Declaration of Dependence
How to acknowledge the limitations imposed by aging and accept that you are unlikely to live on your own forever
This month's topic for my retired women's discussion group was "giving and receiving." We all admitted to being typical women — comfortable at giving but lousy at receiving.
One woman who was dealing with metastatic cancer inspired us by relating her story of asking her family for help when her landlord doubled her rent. Her sons got together and paid the extra rent for a year. She admitted it was very hard to ask but gratifying to receive their generosity.
Fiercely Independent, for Now
The rest of the group, mostly single women, said they were "fiercely independent" and didn't want to rely on anyone.
As someone who used to be fiercely independent, but now uses a walker and supplementary oxygen, I asked the group, "What about when you can't be independent anymore? After all, most of us are in our seventies and early eighties — and almost no one can remain fiercely independent forever."
No one had plans for this eventuality.
"You are all one fall, or one severe illness, away from not being independent."
"You are all one fall, or one severe illness, away from not being independent," I reminded them.
The group all nodded in agreement but had no solution or plan for this eventuality. A few conceded it was something they needed to think more about.
This is not our fault. We assumed Medicare would take care of us. It does not! Not as fully as many people think, anyway. Those who think Medicare covers home health care are in for a rude awakening.
The "med" in Medicare describes all that it covers — medical care, including hospitalization and a few weeks of rehabilitation if you need it. You may be eligible for skilled nursing care at home for a few weeks if you need wound care or something only a nurse can do, but unskilled care is not included, except for help with bathing for some reason. No cleaning, cooking, shopping, transportation or any other of life's necessities.
Some of us are lucky enough to have a child or spouse to take care of us. Or the money to hire a home health aide full time. Or both.
For example, a member of my group with a severe disability due to cancer has a husband and a healthy bank account. I was envious when she mentioned that her husband made sure he took her out every day for a ride or a visit somewhere. And of course she had a home health aide.
I'm on my own ... Fierce independence isn't a workable life plan for me anymore.
I'm on my own. I don't have a live-in caregiver or family living nearby. Fierce independence isn't a workable life plan for me anymore. I have an aide a few hours a week and just want to stay out of a nursing home.
Luckily I can still walk, which is a big deal. You don't realize how monumental perambulating on your own two legs is until you can't do it. Once you can't get to the bathroom by yourself, you're in big trouble.
Nonetheless, mobility is now a huge issue for me. I like to go places, like to book club and out to dinner with friends. I have a car and can drive, but getting from the parking lot to where I'm going is often a logistical nightmare — even with a walker — especially in the summer heat.
Mobility Is a Major Issue
Going to events that involve walking is a nonstarter. People send invitations, but without help it's hard to accept them. Being stuck home alone most of the time is not the way I wanted to spend my senior years.
We live in a society that pays little attention to disability or mobility issues. Thank God for the Americans with Disability Act but it doesn't go anywhere near far enough. Neither does Medicare.
Those of us who were financially savvy bought long-term care insurance when we were young. But the older you get, the more it costs. I'd have to turn back time to sign up.

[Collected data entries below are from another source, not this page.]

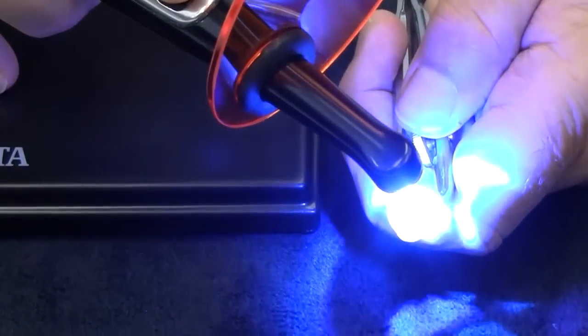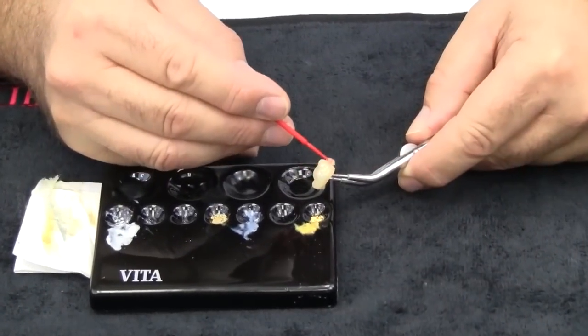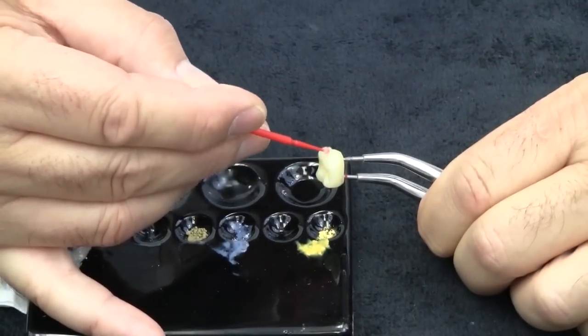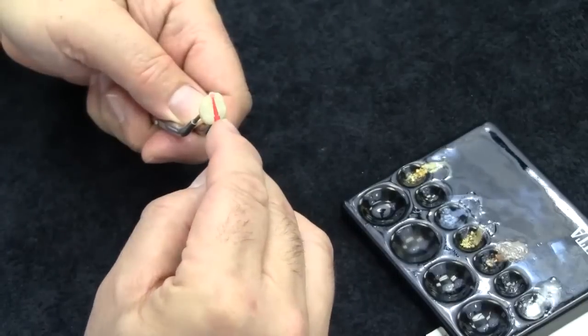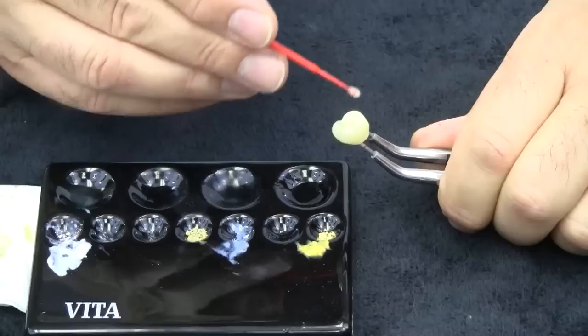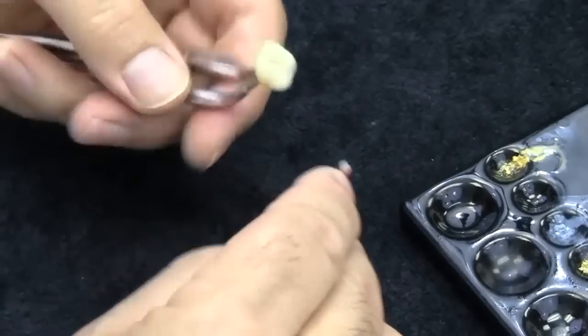We are ready to light cure and fixate the stains prior to glazing. Cure for five to six seconds as shown. Dispense a few drops of the glaze liquid onto the large palette well and apply glaze using a clean disposable micro brush. Apply the glaze in an even sweeping action from the mesial to distal as shown. Continue to the palatal surfaces and if necessary apply minimally to contact areas. Apply the glaze to the fissure with caution to prevent running or puddling, then cover the cusp tips with a light sweeping application.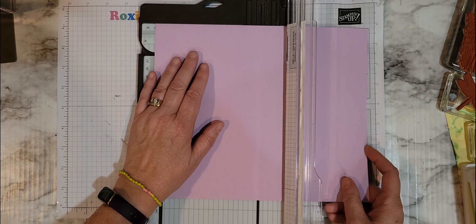I'm looking around for my card stock — oh, here it is. I'm going to be making this with either the Parakeet Party or the Fresh Freesia. This is a new in-color that will be retiring at the end of this catalog season, which will be the end of next April. I think I'm going to start with the Fresh Freesia.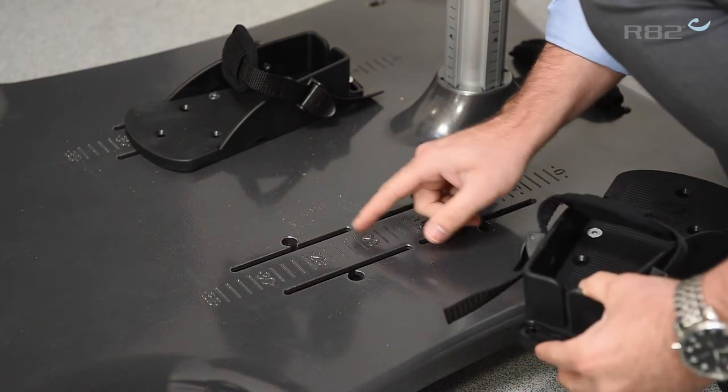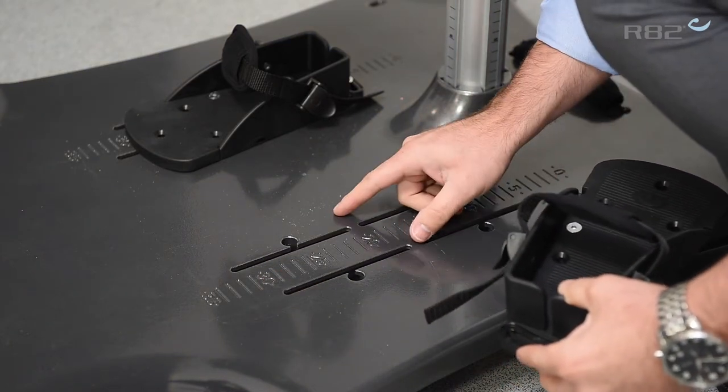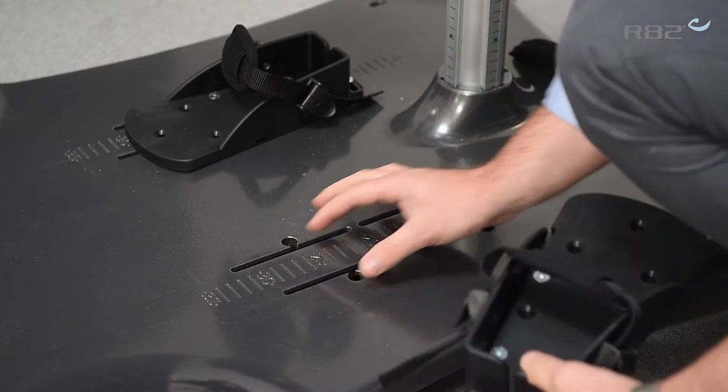And also for width adjustment you have two columns here, or two runners, so you can position again for width if you need more adjustment for the child.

The lesson is here is: don't follow my example. I was a hippie who thought I didn't have to plan for the future. If you haven't considered your need for help eventually, start putting plans in place before an emergency arrives and you are totally unprepared.
A Few Suggestions
- Acknowledge your mortality. None of us want to deal with issues around death and dying, but denial is a trap. The more you actually think and plan about what you will do if and when you can't be independent anymore, the more options you will have when you need them.
- Assess your caregiver situation. I have a number of friends who left sunny Florida and all their friends to move back North to be near their kids. One friend moved to Israel where her daughter and grandkids live. It's unrealistic to rely on friends. Most of us have friends our own age, but they have their own limitations. Unless you're in a position to hire full time caregivers it might make sense to be near family.
- Evaluate your financial situation realistically. You might want to start a savings or investment account earmarked for emergencies only. A visit to an estate lawyer and a financial planner can help you figure out the best way to go.
- Review your bucket list. Maybe you can substitute something more modest for one of those super expensive trips and put the difference into your emergency savings. I have single friends who complain about their finances and the next thing I know they're on their way to a safari in Africa. Our American attitude of "you only live once" is not helpful when it comes to long-term planning.
- Consider assisted living. Even though I'm temperamentally in the fierce-independence camp, I often wish I could afford to live in a place where I could get three meals a day, housecleaning and other services. There are a lot of misconceptions about assisted living. It is not a nursing home — you live in your own apartment and your privacy and freedom is not impeded.
Assisted living can be expensive, but if you have a house to sell you can buy into a luxurious assisted living or continuing-care retirement community which will provide care as you age.
Whatever road you decide to take start planning now. After you break a hip or get a disabling disease, it might be too late.